Ammonta a oltre 3,1 milioni di euro il totale delle imposte regionali sulle concessioni demaniali marittime recuperate in Campania grazie a un’articolata attività investigativa condotta dalla Guardia di Finanza di Napoli, sotto il coordinamento della Procura regionale della Corte dei conti. Un risultato che segna un punto di svolta nella gestione dei canoni demaniali portuali e che riapre il dibattito sul rapporto tra autonomia delle Autorità di Sistema Portuale e fiscalità regionale.

Gli accertamenti, svolti dal Nucleo di Polizia Economico-Finanziaria e dal Reparto Operativo Aeronavale delle Fiamme Gialle, si sono concentrati sulla regolarità delle concessioni demaniali marittime rilasciate dall’Autorità di Sistema Portuale del Mar Tirreno Centrale. L’indagine ha fatto emergere un dato netto: la totalità dei concessionari operanti nei porti di Napoli, Salerno e Castellammare di Stabia non aveva versato l’addizionale regionale sui canoni demaniali.

Alla luce delle risultanze investigative, l’Autorità di Sistema Portuale ha avviato una massiccia azione di recupero, inviando 422 avvisi di messa in mora ai soggetti inadempienti. L’operazione ha già prodotto effetti concreti: 3 milioni e 132mila euro sono confluiti nelle casse della Regione Campania, rafforzando il gettito e ponendo le basi per una gestione più rigorosa delle entrate legate all’uso del demanio marittimo.

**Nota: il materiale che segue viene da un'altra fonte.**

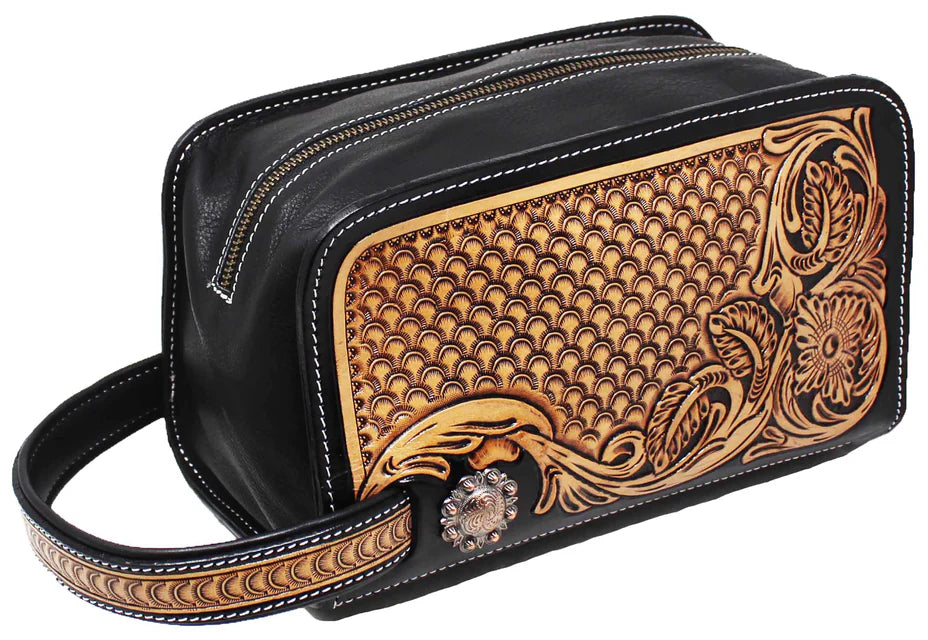 Mens tooled leather toiletries bag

L’imposta in questione, pari a una quota variabile tra il 10% e il 25% del canone concessorio, ha una base normativa consolidata. È stata istituita con la legge n. 281 del 1970 e recepita dalla Campania già nel 1972. Tuttavia, fino al 2024 si era diffusa un’interpretazione errata secondo cui tale addizionale non fosse applicabile alle concessioni rilasciate dalle Autorità di Sistema Portuale, a differenza di quelle rilasciate dai Comuni. Un’impostazione superata anche alla luce della sentenza n. 131/2024 della Corte costituzionale, che ha contribuito a chiarire il perimetro applicativo del tributo.

Il recupero delle somme non rappresenta solo un risultato contabile, ma assume una valenza sistemica. Da un lato rafforza il principio di equità fiscale tra operatori economici che utilizzano beni pubblici strategici; dall’altro segnala una crescente attenzione istituzionale verso la corretta valorizzazione economica del demanio, in un contesto – quello portuale – cruciale per lo sviluppo logistico e industriale del Mezzogiorno.